Bootlegs and Books
I’m listening to live Nine Inch Nails, recorded March 10, 1990 in Boston. (You could be listening to it too, if you clicked here.) This is a rather strange experience, to be hearing the band before thousands of teenagers like me ever heard the lyrics, I want to fuck you like an animal. There are moments in the recording where you can hear the audience carrying on conversations, as if totally underwhelmed. And yet, Trent is there, singing his ass off and the band is playing the hell out of songs that, in many cases, don’t even get played anymore.
A live version of “That’s What I Get”? I didn’t think I’d ever get to hear it. I know many fans of the band dislike that song, but it’s one of my favorites. Just ask my college roommate, who came home to me blasting that track far more often than he probably would have liked.

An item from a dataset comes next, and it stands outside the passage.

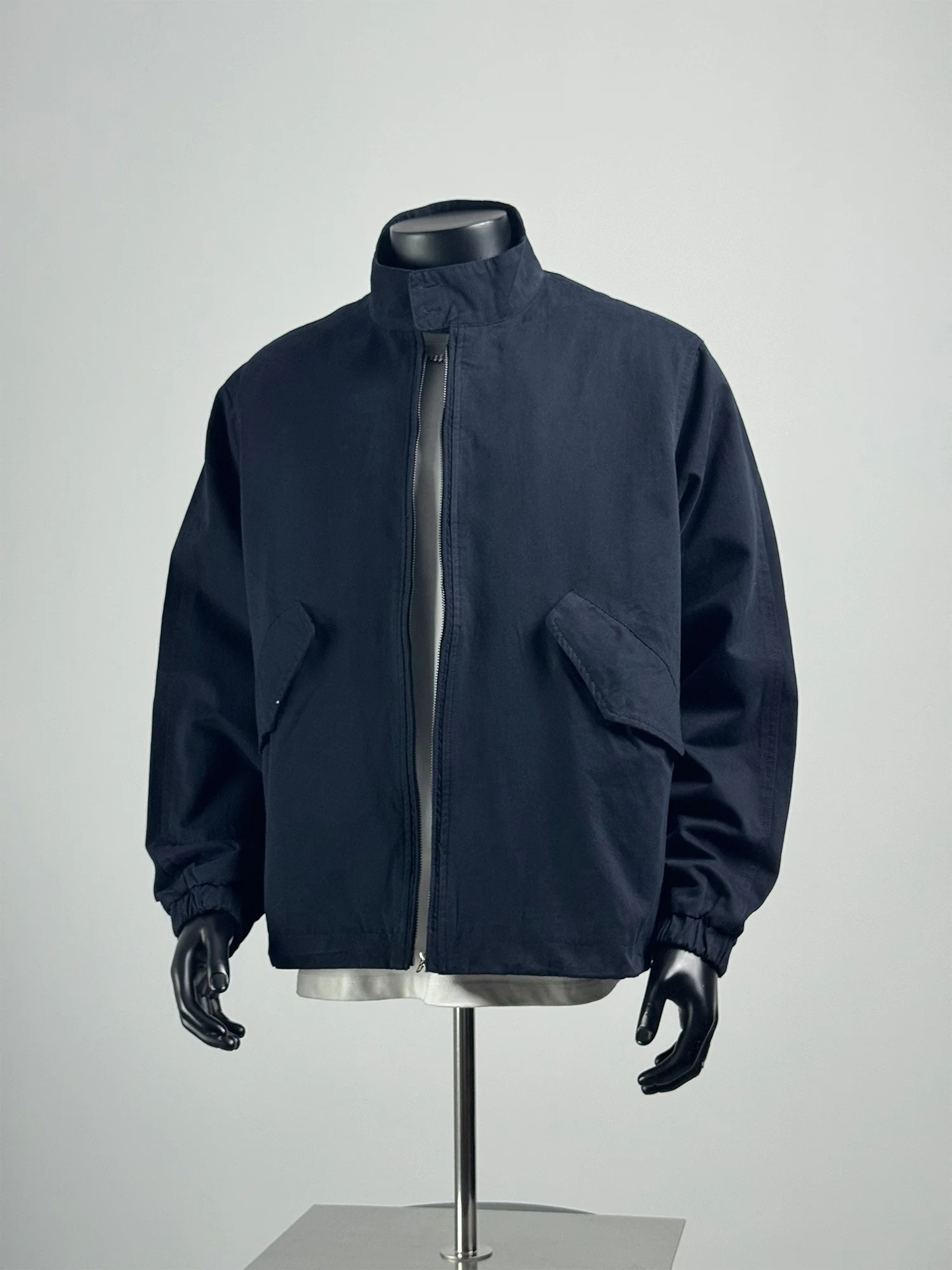 Японская одежда в стиле ретро, однотонная рабочая одежда с воротником-стойкой, мужская свободная посадка, осенняя верхняя одежда, модный топ
Японская одежда в стиле ретро, однотонная рабочая одежда с воротником-стойкой, мужская свободная посадка, осенняя верхняя одежда, модный топ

Anyway, I’m listening to this because I’m in a really weird place. Both my thesis advisor and my thesis reader have given me frighteningly positive feedback on my novel. They’ve given me a lot to work on as well, but it has just occurred to me that two published novelists, whose work I very much admire, are telling me that I’ve written something quite special.
Tony, my advisor, has suggested that, once I turn in the manuscript, I should take a few months away from it before attempting another revision. I’m thinking he’s right, but I’m also terrified that if I don’t finish it now, I’ll never finish it.
I don’t know… this whole winding-down thing… It’s just not sitting well with me. I think it’s the fear that I’m heading right back to where I was before I started the program. I don’t want to be that guy who had no time for writing, who spent his entire life at work or getting to and from work.
Hmm… This show really kicks ass. I wish the audience would shut up, but then again, that’s part of the appeal. I feel like I’m in some cramped bar in Cambridge or on Landsdowne… And imagining NIN playing there is making me smile.